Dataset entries
┌──
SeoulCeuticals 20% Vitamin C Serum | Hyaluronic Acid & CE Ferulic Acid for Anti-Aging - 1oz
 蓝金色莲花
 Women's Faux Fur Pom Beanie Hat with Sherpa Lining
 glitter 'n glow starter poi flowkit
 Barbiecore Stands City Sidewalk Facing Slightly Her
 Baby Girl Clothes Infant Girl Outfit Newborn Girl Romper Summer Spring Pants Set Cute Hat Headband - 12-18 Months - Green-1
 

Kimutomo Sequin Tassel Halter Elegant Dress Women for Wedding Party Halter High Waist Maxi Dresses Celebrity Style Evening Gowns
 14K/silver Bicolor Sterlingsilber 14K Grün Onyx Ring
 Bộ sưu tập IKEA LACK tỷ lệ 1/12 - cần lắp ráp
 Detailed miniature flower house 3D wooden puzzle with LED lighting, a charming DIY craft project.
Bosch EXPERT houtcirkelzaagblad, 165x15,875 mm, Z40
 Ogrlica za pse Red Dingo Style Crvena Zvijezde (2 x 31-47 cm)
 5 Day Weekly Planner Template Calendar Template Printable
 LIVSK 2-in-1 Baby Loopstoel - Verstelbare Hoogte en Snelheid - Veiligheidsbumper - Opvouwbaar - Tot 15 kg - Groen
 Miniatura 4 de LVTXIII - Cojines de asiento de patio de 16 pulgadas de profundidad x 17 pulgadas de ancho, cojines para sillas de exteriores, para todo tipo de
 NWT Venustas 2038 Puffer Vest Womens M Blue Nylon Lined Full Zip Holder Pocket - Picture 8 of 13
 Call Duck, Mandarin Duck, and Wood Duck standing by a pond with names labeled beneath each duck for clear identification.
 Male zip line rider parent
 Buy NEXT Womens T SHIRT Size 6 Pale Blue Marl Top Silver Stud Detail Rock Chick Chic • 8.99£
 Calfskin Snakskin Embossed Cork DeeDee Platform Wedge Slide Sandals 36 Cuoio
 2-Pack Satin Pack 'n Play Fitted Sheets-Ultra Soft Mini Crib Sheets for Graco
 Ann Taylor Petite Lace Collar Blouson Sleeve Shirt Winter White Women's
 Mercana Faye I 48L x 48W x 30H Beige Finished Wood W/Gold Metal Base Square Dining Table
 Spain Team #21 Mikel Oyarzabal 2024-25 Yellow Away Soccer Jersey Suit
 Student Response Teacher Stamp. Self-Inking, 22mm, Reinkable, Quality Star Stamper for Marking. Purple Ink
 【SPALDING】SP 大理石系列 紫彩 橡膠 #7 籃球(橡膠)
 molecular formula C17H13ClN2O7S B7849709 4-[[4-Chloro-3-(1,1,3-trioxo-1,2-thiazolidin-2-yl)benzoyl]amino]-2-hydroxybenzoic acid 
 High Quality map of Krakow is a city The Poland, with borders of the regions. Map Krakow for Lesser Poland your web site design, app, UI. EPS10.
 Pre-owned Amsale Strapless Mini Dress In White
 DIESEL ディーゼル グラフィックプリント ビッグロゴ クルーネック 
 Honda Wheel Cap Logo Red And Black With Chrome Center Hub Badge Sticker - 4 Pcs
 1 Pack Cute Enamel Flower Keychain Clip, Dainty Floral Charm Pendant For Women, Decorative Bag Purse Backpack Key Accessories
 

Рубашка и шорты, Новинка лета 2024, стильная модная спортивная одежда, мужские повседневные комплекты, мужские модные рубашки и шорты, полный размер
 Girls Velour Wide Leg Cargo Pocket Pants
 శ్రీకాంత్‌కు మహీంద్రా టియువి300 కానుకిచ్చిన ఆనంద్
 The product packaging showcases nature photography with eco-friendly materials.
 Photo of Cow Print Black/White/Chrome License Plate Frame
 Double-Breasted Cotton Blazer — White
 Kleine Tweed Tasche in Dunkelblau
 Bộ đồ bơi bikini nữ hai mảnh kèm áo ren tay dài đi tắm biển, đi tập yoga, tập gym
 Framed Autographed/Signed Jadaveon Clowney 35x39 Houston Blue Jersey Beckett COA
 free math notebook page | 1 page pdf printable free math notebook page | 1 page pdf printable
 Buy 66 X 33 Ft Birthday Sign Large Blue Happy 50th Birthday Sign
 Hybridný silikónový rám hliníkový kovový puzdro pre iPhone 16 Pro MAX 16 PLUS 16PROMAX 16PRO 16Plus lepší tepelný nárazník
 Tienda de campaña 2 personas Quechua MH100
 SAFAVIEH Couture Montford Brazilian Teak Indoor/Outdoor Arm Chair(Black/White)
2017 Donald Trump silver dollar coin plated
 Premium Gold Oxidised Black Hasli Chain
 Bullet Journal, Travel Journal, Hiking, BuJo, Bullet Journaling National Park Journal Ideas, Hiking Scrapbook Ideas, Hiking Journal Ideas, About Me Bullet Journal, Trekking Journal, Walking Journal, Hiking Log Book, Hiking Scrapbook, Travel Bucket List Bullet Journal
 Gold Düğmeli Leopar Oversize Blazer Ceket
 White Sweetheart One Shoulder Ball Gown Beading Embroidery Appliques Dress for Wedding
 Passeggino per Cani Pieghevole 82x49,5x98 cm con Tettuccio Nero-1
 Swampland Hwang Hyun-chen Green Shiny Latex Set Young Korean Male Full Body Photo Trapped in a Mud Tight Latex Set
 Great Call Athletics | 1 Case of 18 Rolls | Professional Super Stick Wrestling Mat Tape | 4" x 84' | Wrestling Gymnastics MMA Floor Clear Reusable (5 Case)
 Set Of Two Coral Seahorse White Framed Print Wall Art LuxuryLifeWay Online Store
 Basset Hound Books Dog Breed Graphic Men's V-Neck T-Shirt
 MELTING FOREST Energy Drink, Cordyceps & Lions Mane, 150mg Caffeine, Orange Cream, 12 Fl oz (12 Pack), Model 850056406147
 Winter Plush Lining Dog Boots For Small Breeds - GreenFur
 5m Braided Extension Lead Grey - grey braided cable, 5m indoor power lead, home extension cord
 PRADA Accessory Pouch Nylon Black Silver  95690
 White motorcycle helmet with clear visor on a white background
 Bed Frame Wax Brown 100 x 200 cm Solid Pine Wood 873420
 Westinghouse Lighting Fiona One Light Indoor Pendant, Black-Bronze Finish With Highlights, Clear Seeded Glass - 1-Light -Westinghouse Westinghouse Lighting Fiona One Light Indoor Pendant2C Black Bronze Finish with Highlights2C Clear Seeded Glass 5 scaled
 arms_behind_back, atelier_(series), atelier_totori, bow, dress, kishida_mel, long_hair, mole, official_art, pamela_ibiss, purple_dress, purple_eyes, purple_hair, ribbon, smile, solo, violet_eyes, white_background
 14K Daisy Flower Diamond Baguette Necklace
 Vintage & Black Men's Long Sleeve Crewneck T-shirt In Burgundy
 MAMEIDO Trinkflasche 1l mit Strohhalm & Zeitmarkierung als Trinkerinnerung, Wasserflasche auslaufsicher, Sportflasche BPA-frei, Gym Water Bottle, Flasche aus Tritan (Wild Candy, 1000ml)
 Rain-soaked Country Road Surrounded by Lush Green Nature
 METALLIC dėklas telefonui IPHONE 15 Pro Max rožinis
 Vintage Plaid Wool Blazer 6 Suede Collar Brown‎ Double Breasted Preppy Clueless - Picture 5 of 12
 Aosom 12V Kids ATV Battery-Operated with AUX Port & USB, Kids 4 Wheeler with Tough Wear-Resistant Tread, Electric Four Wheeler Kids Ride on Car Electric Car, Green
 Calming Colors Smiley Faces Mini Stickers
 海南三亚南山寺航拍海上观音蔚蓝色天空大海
└──
> [Work to be completed]
Print exactly the lines above from the one with "Double-Breasted Cotton Blazer — White" to the one with "Framed Autographed/Signed Jadaveon", including both.

> [Reply]
 Double-Breasted Cotton Blazer — White
 Kleine Tweed Tasche in Dunkelblau
 Bộ đồ bơi bikini nữ hai mảnh kèm áo ren tay dài đi tắm biển, đi tập yoga, tập gym
 Framed Autographed/Signed Jadaveon Clowney 35x39 Houston Blue Jersey Beckett COA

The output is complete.